**WORK INSTRUCTION**
Copy the entries below in full, keeping them exactly as they are.
PROVIDED DATA below:
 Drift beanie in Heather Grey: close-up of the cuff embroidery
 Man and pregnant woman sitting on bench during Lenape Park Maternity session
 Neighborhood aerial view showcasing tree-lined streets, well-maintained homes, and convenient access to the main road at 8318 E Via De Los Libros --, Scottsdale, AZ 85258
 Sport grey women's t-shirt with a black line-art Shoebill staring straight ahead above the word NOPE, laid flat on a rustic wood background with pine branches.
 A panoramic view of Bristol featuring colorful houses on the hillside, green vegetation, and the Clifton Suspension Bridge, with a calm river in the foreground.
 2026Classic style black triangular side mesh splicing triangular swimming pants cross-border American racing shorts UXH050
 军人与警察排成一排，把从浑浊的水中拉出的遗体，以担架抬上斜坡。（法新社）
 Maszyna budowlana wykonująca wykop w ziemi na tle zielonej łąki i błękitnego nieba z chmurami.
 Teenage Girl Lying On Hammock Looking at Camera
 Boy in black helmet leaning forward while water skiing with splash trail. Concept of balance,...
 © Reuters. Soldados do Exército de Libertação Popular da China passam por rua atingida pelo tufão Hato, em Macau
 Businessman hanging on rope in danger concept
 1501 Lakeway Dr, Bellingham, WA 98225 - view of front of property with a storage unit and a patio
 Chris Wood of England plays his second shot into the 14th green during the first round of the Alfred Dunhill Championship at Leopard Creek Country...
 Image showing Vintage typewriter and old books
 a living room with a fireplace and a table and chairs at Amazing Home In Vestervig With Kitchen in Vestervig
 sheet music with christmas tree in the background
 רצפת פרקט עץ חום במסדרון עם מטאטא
End of PROVIDED DATA.
**SOLUTION FOR THIS PROBLEM**
 Drift beanie in Heather Grey: close-up of the cuff embroidery
 Man and pregnant woman sitting on bench during Lenape Park Maternity session
 Neighborhood aerial view showcasing tree-lined streets, well-maintained homes, and convenient access to the main road at 8318 E Via De Los Libros --, Scottsdale, AZ 85258
 Sport grey women's t-shirt with a black line-art Shoebill staring straight ahead above the word NOPE, laid flat on a rustic wood background with pine branches.
 A panoramic view of Bristol featuring colorful houses on the hillside, green vegetation, and the Clifton Suspension Bridge, with a calm river in the foreground.
 2026Classic style black triangular side mesh splicing triangular swimming pants cross-border American racing shorts UXH050
 军人与警察排成一排，把从浑浊的水中拉出的遗体，以担架抬上斜坡。（法新社）
 Maszyna budowlana wykonująca wykop w ziemi na tle zielonej łąki i błękitnego nieba z chmurami.
 Teenage Girl Lying On Hammock Looking at Camera
 Boy in black helmet leaning forward while water skiing with splash trail. Concept of balance,...
 © Reuters. Soldados do Exército de Libertação Popular da China passam por rua atingida pelo tufão Hato, em Macau
 Businessman hanging on rope in danger concept
 1501 Lakeway Dr, Bellingham, WA 98225 - view of front of property with a storage unit and a patio
 Chris Wood of England plays his second shot into the 14th green during the first round of the Alfred Dunhill Championship at Leopard Creek Country...
 Image showing Vintage typewriter and old books
 a living room with a fireplace and a table and chairs at Amazing Home In Vestervig With Kitchen in Vestervig
 sheet music with christmas tree in the background
 רצפת פרקט עץ חום במסדרון עם מטאטא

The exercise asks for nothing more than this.